Quais são as preferências para as regiões do cateter?

-Radial (Imprecisa em situações de vasoconstrição extrema);
-Femoral.

Uma dica!

O valor da PAM (Pressão Arterial Média) não precisa necessariamente ter um cateter em radial ou femural para obter o resultado médio. Você pode usar seguinte fórmula:

PAM = PAS + (PAD x 2)
                        3

PAM = pressão arterial média
PAS= pressão arterial sistólica
PAD=pressão arterial diastolica

Quais são os valores normais da PAM?

Os valores normais da PAM variam de 75 a 105 mmHg.

Quais são as indicações para este tipo de procedimento?

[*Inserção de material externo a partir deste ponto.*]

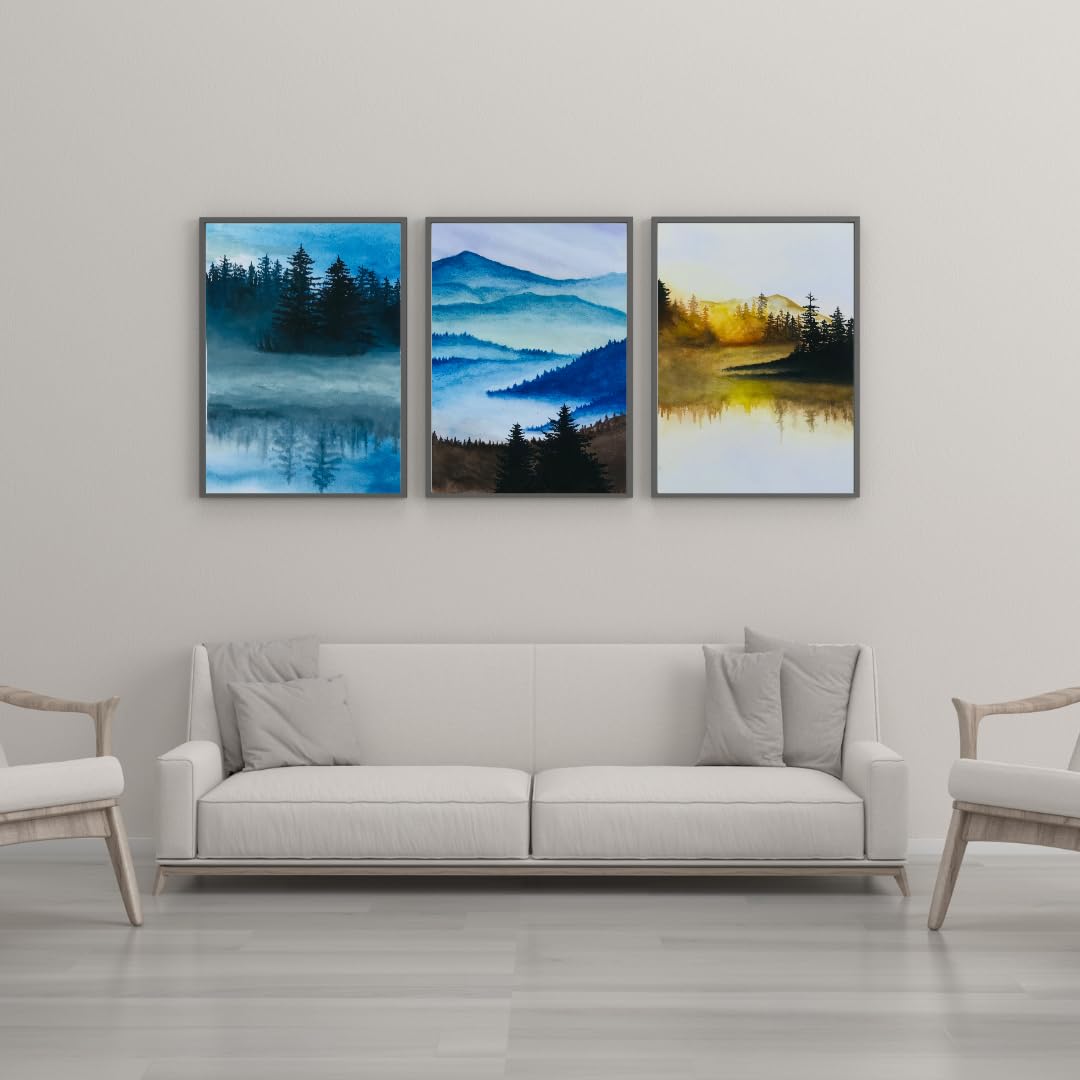 Moin Art Store Wall Art Prints | Home Decoration Set Of 3 | 300 Gsm Matte Paper | Seaside ocean art print sunset view | Multicolour | Unframed |12X16 Inch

  • Cirurgia cardiopulmonar;
  • Grandes cirurgias vasculares, torácicas, abdominais ou neurológicas;
  • Instabilidade hemodinâmica;
  • Uso de drogas vasoativas;
  • Uso de monitorização da pressão intracraniana;
  • Emergência hipertensiva associada à dissecção de aorta ou AVC;
  • Necessidade de gasometria arterial mais que três vezes ao dia;
  • Controle rigoroso da pressão arterial para conduta clínica.

E as suas contra-indicações?

  • Doença vascular periférica;
  • Doenças hemorrágicas;
  • Uso de anticoagulantes ou trombolíticos;
  • Punção em áreas infectadas;
  • Queimaduras no local de punção.

Há complicações, podemos citar:

  • Embolização arterial e sistêmica;
  • Insuficiência vascular;
  • Isquemia da região;
  • Trombose;
  • Alterações cutâneas : Hematomas,infiltrações;
  • Infecção;
  • Hemorragia maciça por desconexão do cateter.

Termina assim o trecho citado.